Mais dans ce cas pourquoi limiter à 48h par employeur par période de 4 mois, (pour assurer le repos du salarié ) si c'est pour de l'autre côté autoriser le dit salarié à dépasser jusqu'à 3666h ?

C'est contradictoire non ?


----------



## GénéralMétal1988 (12 Décembre 2022)

En tout cas, aucun intérêt professionnel de déroger à cette règle.


----------



## assmatzam (12 Décembre 2022)

Le contrat de travail doit préciser les conditions d'accueil.

La durée de l'accueil indiquée dans la convention collective est de 45 heures par semaine.

L'accueil journalier s'effectue selon les règles suivantes :

1) Le travail débute à l'heure prévue dans le contrat, par le planning ou à l'heure d'arrivée de l'enfant.

2) Le travail prend fin à l'heure prévue dans le contrat, par le planning ou à l'heure de départ de l'enfant.

La durée habituelle de la journée d'accueil est de 9 heures.

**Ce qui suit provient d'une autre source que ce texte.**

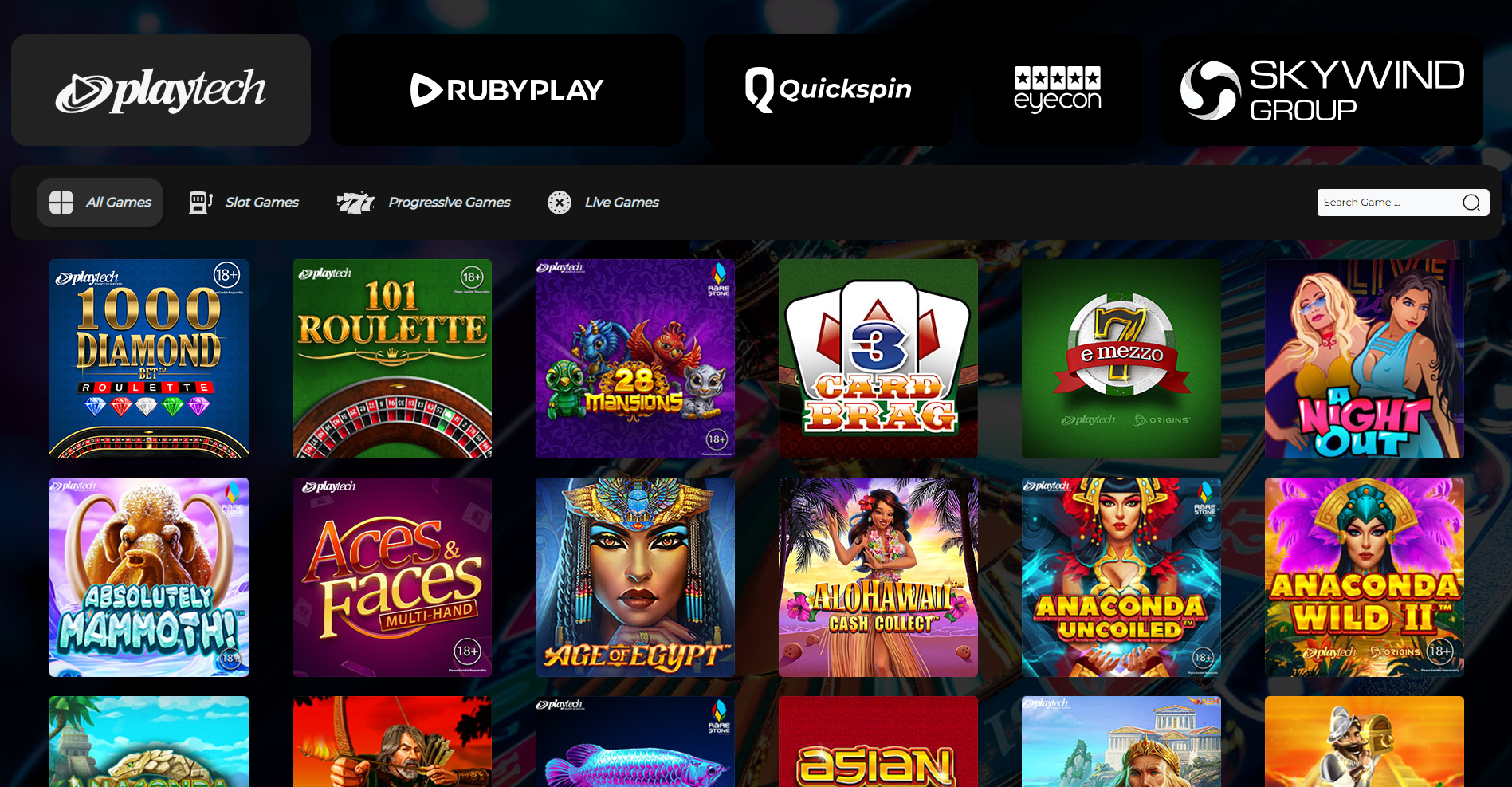 A Fusion of Excellence: The Playtech Slots Assets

l'assistante maternelle bénéficie d'un repos quotidien de 11 heures de suite minimum, tous contrats de travail confondus et ne peut pas être employée plus de 6 jours de suite.

En cas de situations exceptionnelles ou imprévisibles, des heures peuvent être effectuées, d'un commun accord, au-delà de celles prévues par le contrat de travail.

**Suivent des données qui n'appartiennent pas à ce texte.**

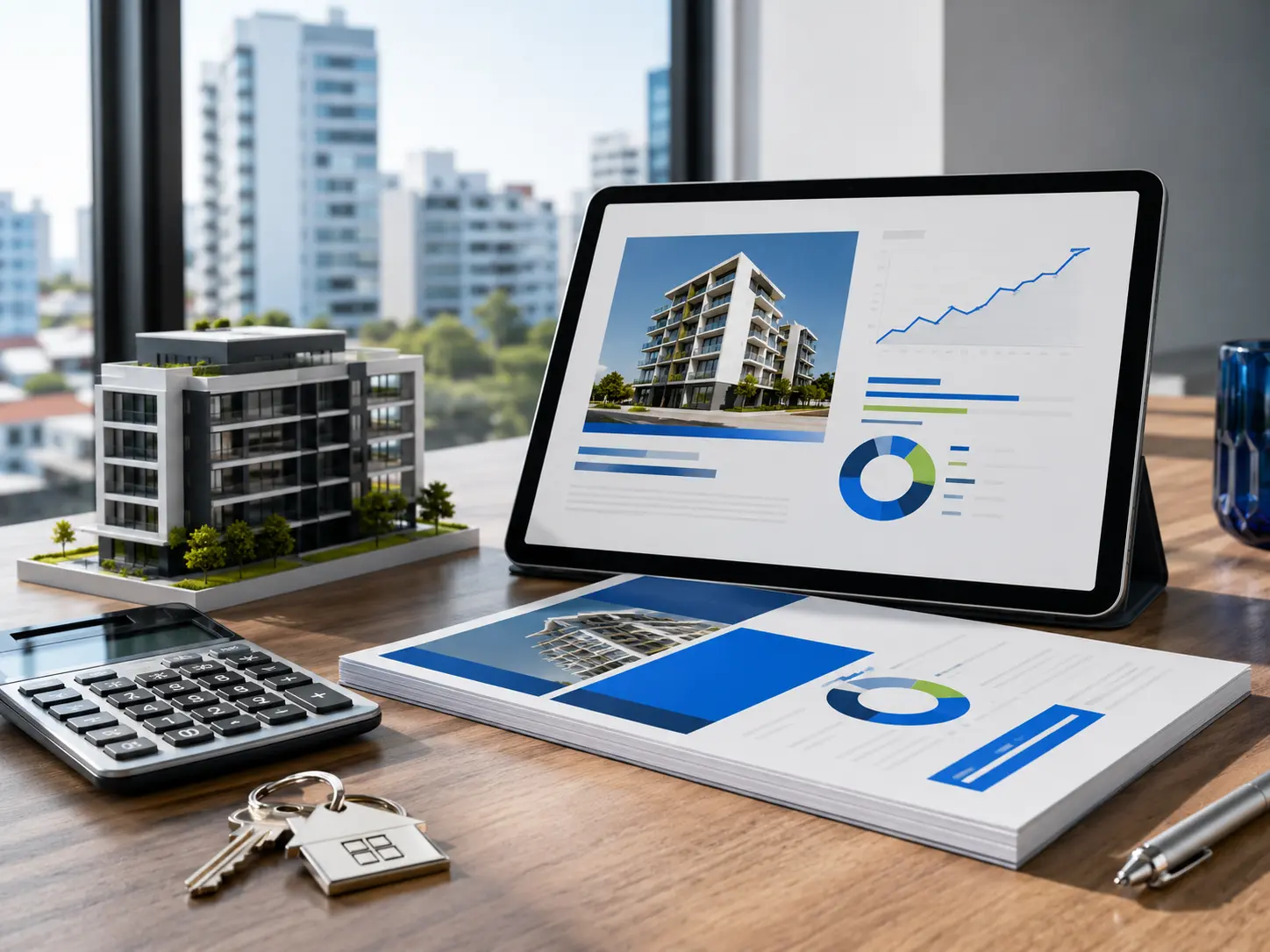 Presentación digital de un proyecto inmobiliario y sus indicadores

L'employeur ne peut pas exiger de l'assistante maternelle de travailler plus de 48 heures par semaine.

Cependant cette durée de travail peut être dépassée si l'assistante maternelle donne son accord écrit.

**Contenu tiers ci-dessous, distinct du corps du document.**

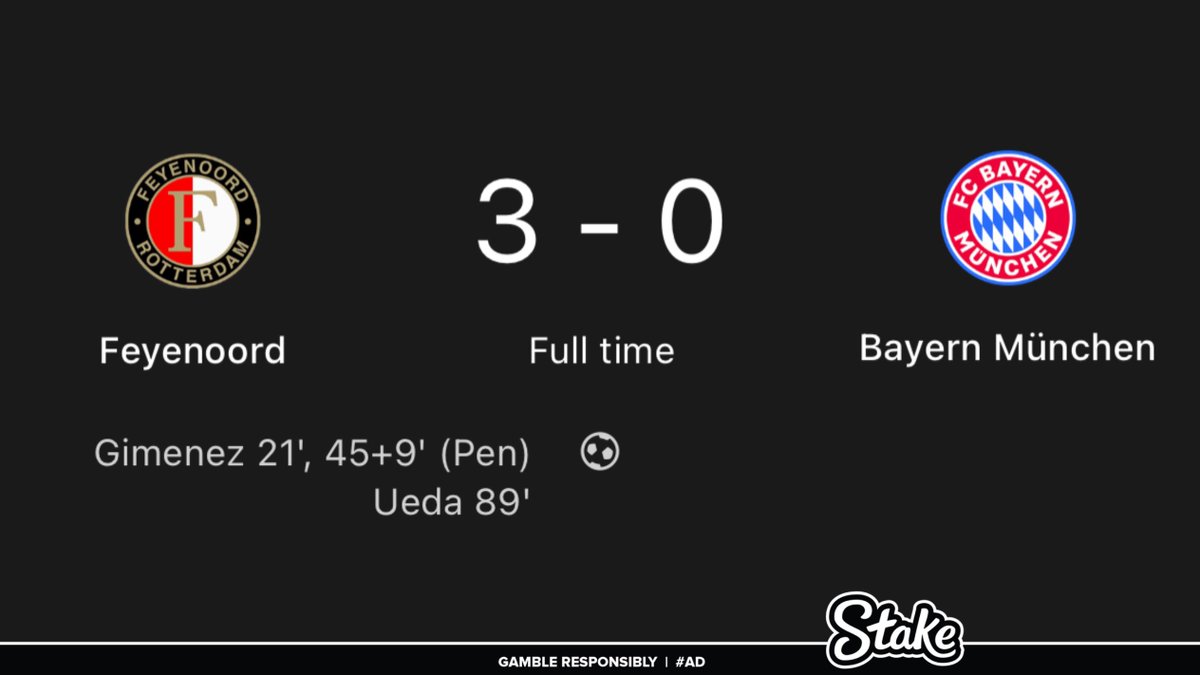 Feyenoord did the funniest thing instead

Cette durée de 48 heures est calculée en moyenne sur une période de 4 mois. 
Avec l'accord de l'assistante maternelle, elle peut être calculée sur une période de 12 mois, dans la limite de 2 250 heures par an.

On parle bien *d'employeur* au singulier


----------



## GénéralMétal1988 (12 Décembre 2022)

On parle d'employeur au singulier, oui.  Sauf que la législation actuelle si elle permet d'avoir plusieurs employeurs (pour nous particulièrement) n'autorise pas non plus le dépassement tous employeur confondus.  Ce n'est pas précisé dans la ccn, mais ce n'est pas autorisé ni dans le droit français (et là la nouvelle ccn reprend exactement les termes sur la durėe max du temps de travail), ni dans le droit européen. 

Aucun cumul ne peut dépasser les 2250h pour Un seul salarié. 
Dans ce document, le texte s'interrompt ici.